- Pitcher
- Born: March 27, 1915 Logan, Utah, U.S.
- Died: March 22, 2001 (aged 85) Las Vegas, Nevada, U.S.
- Batted: RightThrew: Right

MLB debut
- May 7, 1937, for the Chicago Cubs

Last MLB appearance
- September 23, 1943, for the Philadelphia Phillies

MLB statistics
- Win–loss record: 11–9
- Earned run average: 3.78
- Strikeouts: 88
- Stats at Baseball Reference

Teams
- Chicago Cubs (1937–1938); St. Louis Cardinals (1940); Brooklyn Dodgers (1940–1943); Philadelphia Phillies (1943);

= Newt Kimball =

American baseball player (1915–2001)

Newell Whitney Kimball (March 27, 1915 – March 22, 2001) was an American right-handed pitcher in Major League Baseball.
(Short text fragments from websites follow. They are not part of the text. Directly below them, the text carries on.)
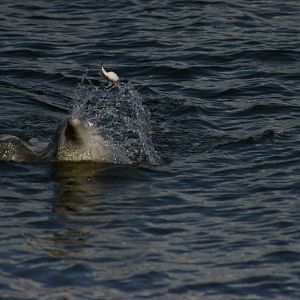 Indopacific bottlenose dolphin (Tursiops aduncus)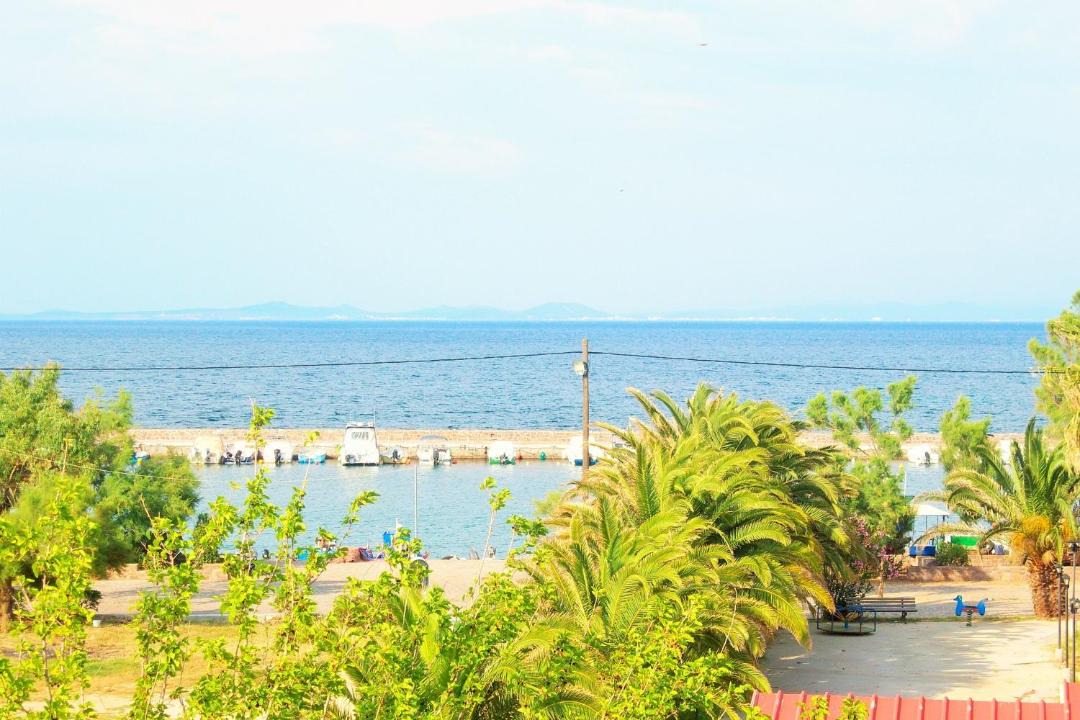 Photo of Others in Mytilene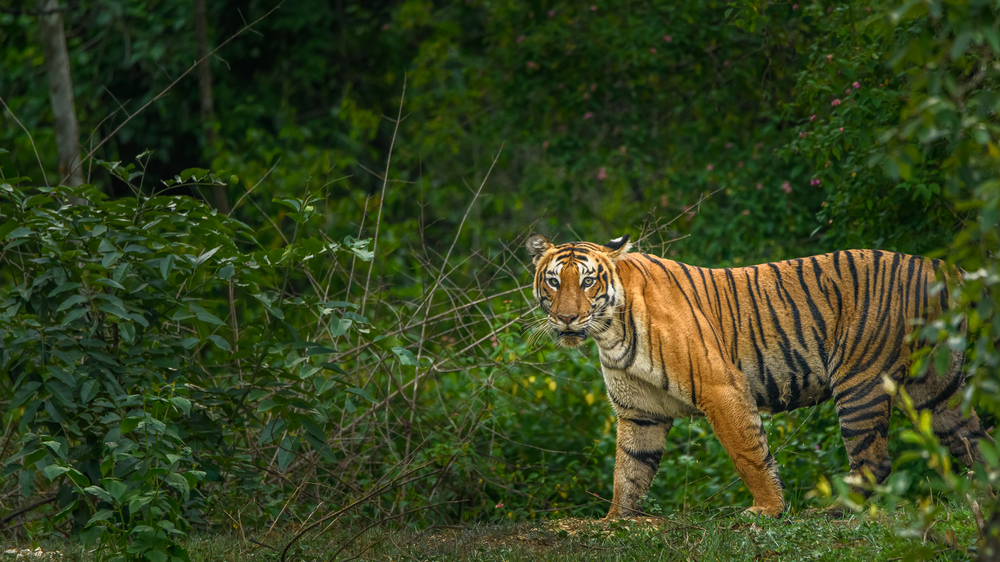 wildlife sanctuary in India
Born in Logan, Utah, Kimball was listed as 6 ft 2 in tall and 190 lb. After attending Santa Monica High School in Southern California, he was signed by the Chicago Cubs in 1934, winning twenty games for their Class C Ponca City Angels affiliate as a nineteen-year-old. He worked his way up the Cubs chain, eventually being called up late in both the 1937 and 1938 seasons, before Chicago returned him to the minors in 1939. In 1940, the Cubs dealt Kimball to the Brooklyn Dodgers, who used him mainly in relief through 1943. He would appear in two games for the St. Louis Cardinals in 1940 and a partial season for the 1943 Philadelphia Phillies before heading back to the Pacific Coast League.

After three seasons with the PCL Hollywood Stars, Kimball was hired by the Boston Braves in 1947 to manage their new Class D club, the Las Vegas Wranglers. The club finished third in the six-team Sunset League, and Kimball (despite a 14–5 record on the mound and a .361 batting average), was let go as both player and manager at season's end. Taking a liking to Las Vegas, he stayed in town and took over the helm for the 1951 Wranglers, now playing in the Southwest International League. After a 72–71 finish, Kimball left professional baseball after a 15-year career.

Kimball died in Las Vegas in 2001, just a few days shy of his 86th birthday.